_Records_

—————

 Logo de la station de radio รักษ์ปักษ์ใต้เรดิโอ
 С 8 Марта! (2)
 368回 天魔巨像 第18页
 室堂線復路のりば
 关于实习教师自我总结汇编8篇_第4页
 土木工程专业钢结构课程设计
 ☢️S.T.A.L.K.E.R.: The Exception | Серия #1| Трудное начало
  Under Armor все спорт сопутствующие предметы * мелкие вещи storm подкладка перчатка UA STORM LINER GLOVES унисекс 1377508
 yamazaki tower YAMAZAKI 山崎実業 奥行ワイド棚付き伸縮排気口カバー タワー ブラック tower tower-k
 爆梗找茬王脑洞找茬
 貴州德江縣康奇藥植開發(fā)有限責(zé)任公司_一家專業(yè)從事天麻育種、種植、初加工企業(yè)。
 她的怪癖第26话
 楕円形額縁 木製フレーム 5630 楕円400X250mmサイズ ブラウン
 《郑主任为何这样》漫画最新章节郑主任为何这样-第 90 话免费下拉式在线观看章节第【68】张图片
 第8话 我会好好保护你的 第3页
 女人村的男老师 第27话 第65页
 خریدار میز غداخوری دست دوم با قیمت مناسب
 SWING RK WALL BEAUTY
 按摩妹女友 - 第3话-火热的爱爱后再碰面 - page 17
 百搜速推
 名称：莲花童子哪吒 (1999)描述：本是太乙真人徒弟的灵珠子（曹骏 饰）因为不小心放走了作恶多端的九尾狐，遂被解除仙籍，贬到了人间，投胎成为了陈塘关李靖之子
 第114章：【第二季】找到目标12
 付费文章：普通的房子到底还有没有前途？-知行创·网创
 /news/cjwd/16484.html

—————

_Activity_
Repeat each line, unchanged, from the line that contains "按摩妹女友 - 第3话-火热的爱爱后再碰面 - page 17" to the end of the listing above.

_Exercise result_
 按摩妹女友 - 第3话-火热的爱爱后再碰面 - page 17
 百搜速推
 名称：莲花童子哪吒 (1999)描述：本是太乙真人徒弟的灵珠子（曹骏 饰）因为不小心放走了作恶多端的九尾狐，遂被解除仙籍，贬到了人间，投胎成为了陈塘关李靖之子
 第114章：【第二季】找到目标12
 付费文章：普通的房子到底还有没有前途？-知行创·网创
 /news/cjwd/16484.html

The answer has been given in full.